Dona Maria do Carmo sintetiza a história, os desafios, as contradições vivenciadas por muitas mulheres da comunidade. Muitas superam as dificuldades com a renda do artesanato. "Quem não seguiu a linha dos estudos, o jeito foi cair de corpo e alma no barro. Em Pató, muita gente tem orgulho de ser artesão", declara a jovem Maria Ioneide da Silva, de apenas 11 anos, que já molda o barro.
Apesar de relatos que enchem de orgulho os ceramistas de Pató, o futuro é motivo de apreensão. O comércio já teve momentos mais pujantes. Hoje, as artesãs se queixam da diminuição do interesse em relação à cerâmica utilitária que produzem. A concorrência com peças fabricadas em outros centros do Estado enfraquece os negócios. Pelo menos esse é o ponto de vista da agricultura Maria de Jesus Ferreira que, mesmo trabalhando o barro, ainda cuida da roça. A pesca e a agricultura, encabeçadas pelos homens, não oferecem a fartura como antigamente. Desde os invernos incertos, a atividade ficou prejudicada pela redução dos peixes, do milho e do feijão. Os homens ainda são minoria, somente dois, mas já demonstram as mesmas destrezas e satisfação das demais integrantes do grupo de ceramistas. Mesmo sabendo que essa cultura milenar sobrevive sob ameaças, as ceramistas de Pató vão tocando a vida, moldando o barro em defesa da sobrevivência e da vida.

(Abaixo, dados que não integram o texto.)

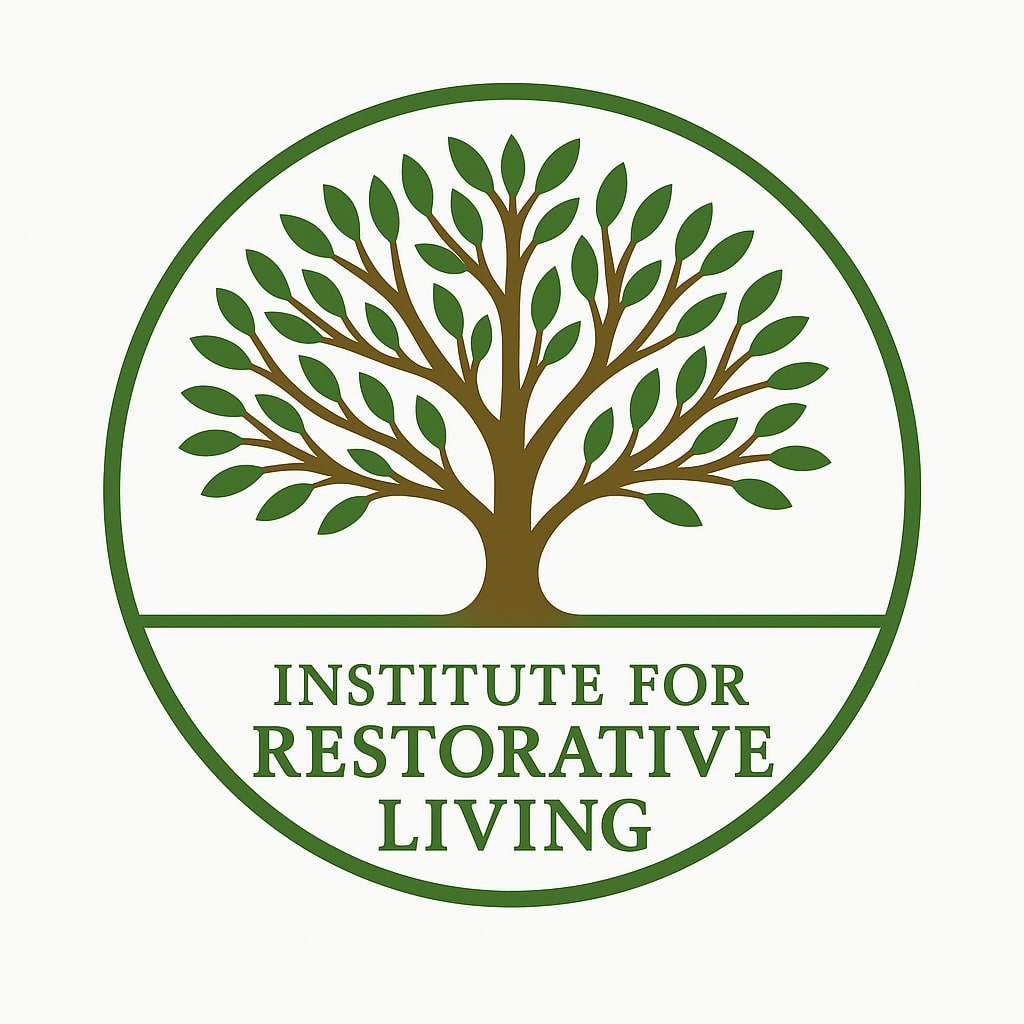 Institute for Restorative Living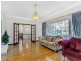 8 Wistaria Grove, Athelstone SA 5076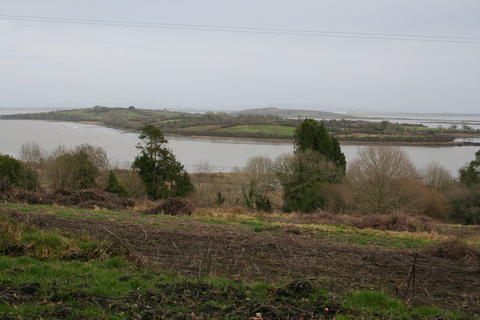 View from Paradise 2_resize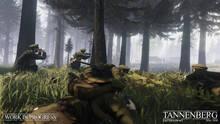 Imagen 9 de Tannenberg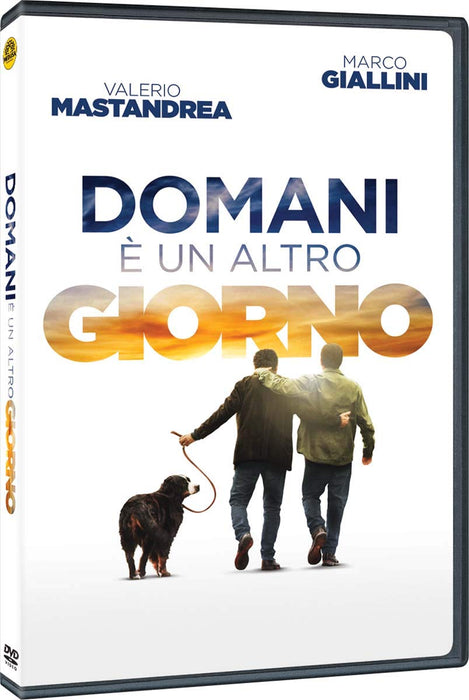 https://m.media-amazon.com/images/I/613l5JS7gzL.jpg
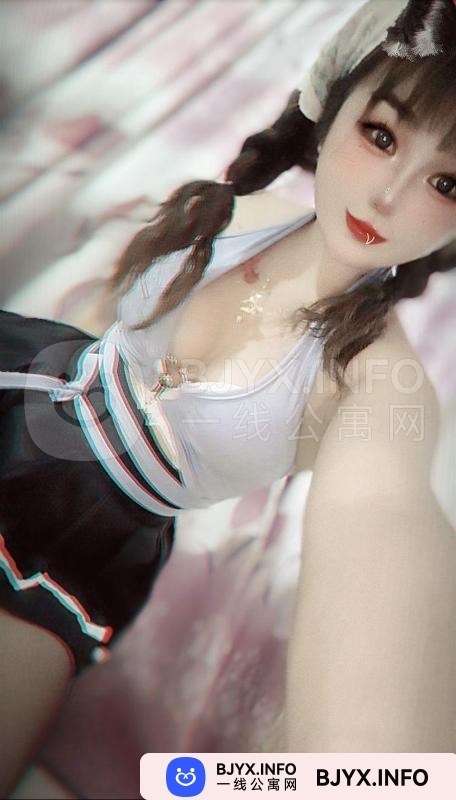 一线体验「内蒙古•包头」一线JBGU4N号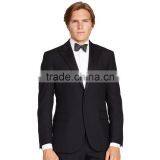 Top Quality Fashion Design Facncy Casual New Design Punjabi Boutique Suit Designs thumbnail-3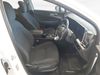 Kia Sportage 1.6T-GDI LX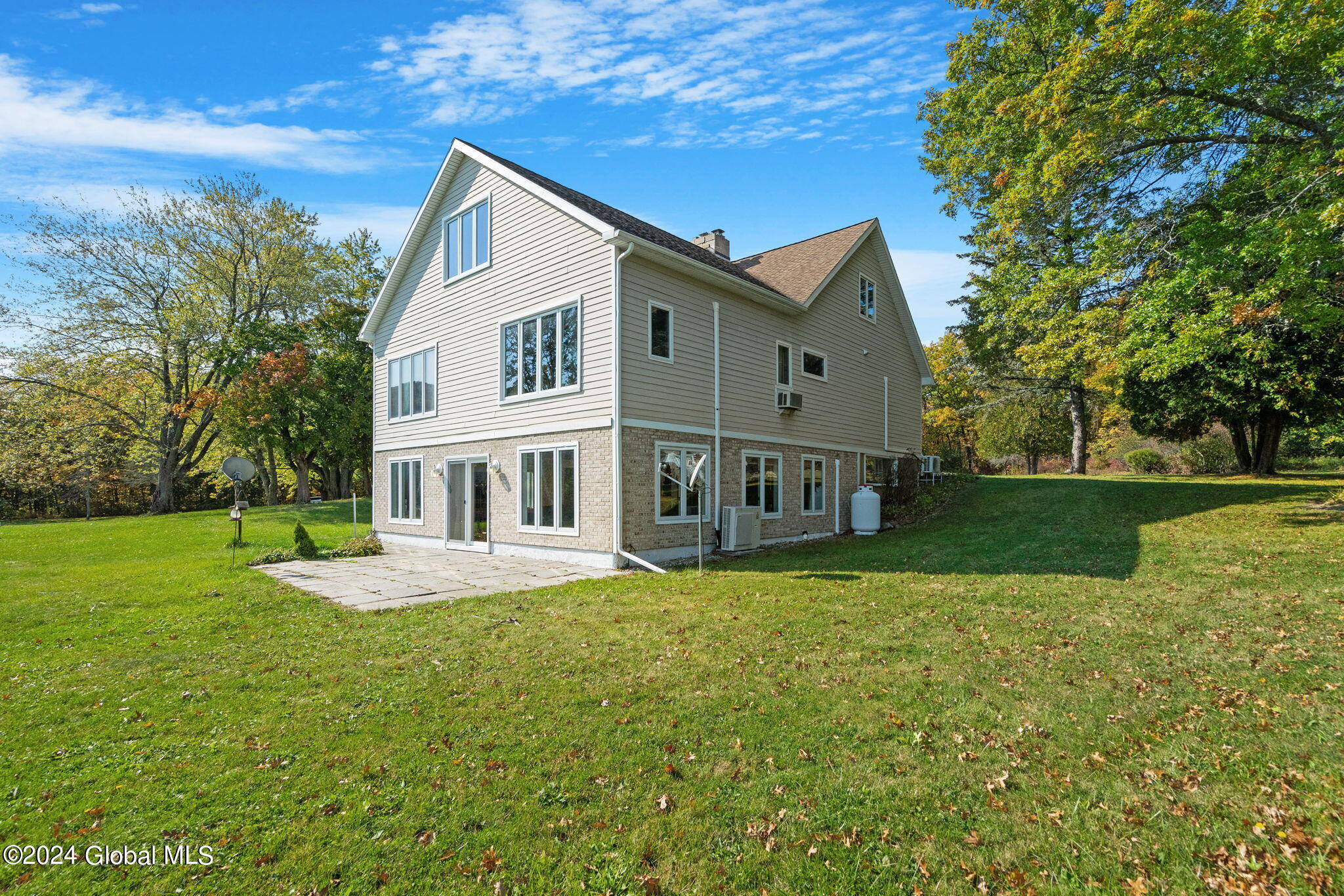 20 Countryman Road, Voorheesville, New York image 3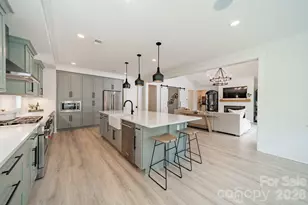 5558 Arden Mill Dr, Fort Mill, SC 29715 - Photo 18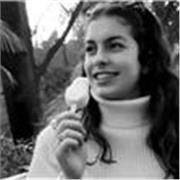 Profesora de refuerzo y repaso en primaria y la ESO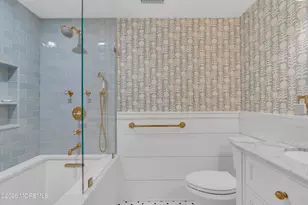 117 Madison Ave, Spring Lake, NJ 07762 - Photo 57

Criado em 06 de agosto de 1958, com uma população de 17.977 habitantes, o município de Caridade destaca-se pela arte de transformar o barro em arte. Com 51 anos de existência, a região é hoje um celeiro de louceiras. "Diante desse grande número de artesãos do barro estamos concluindo um centro de artesanato ao lado da BR-020 para que os artistas de Caridade possam expor e comercializar seus produtos", diz o prefeito Júnior Tavares.
Com a construção dos Caminhos de Assis, ele espera que o fluxo de turistas e romeiros aumente, facilitando as vendas dos produtos. De Caridade, o artesanato de dona Maria do Carmo e de outros artesãos segue para países da Europa, América do Sul e boa parte do continente asiático.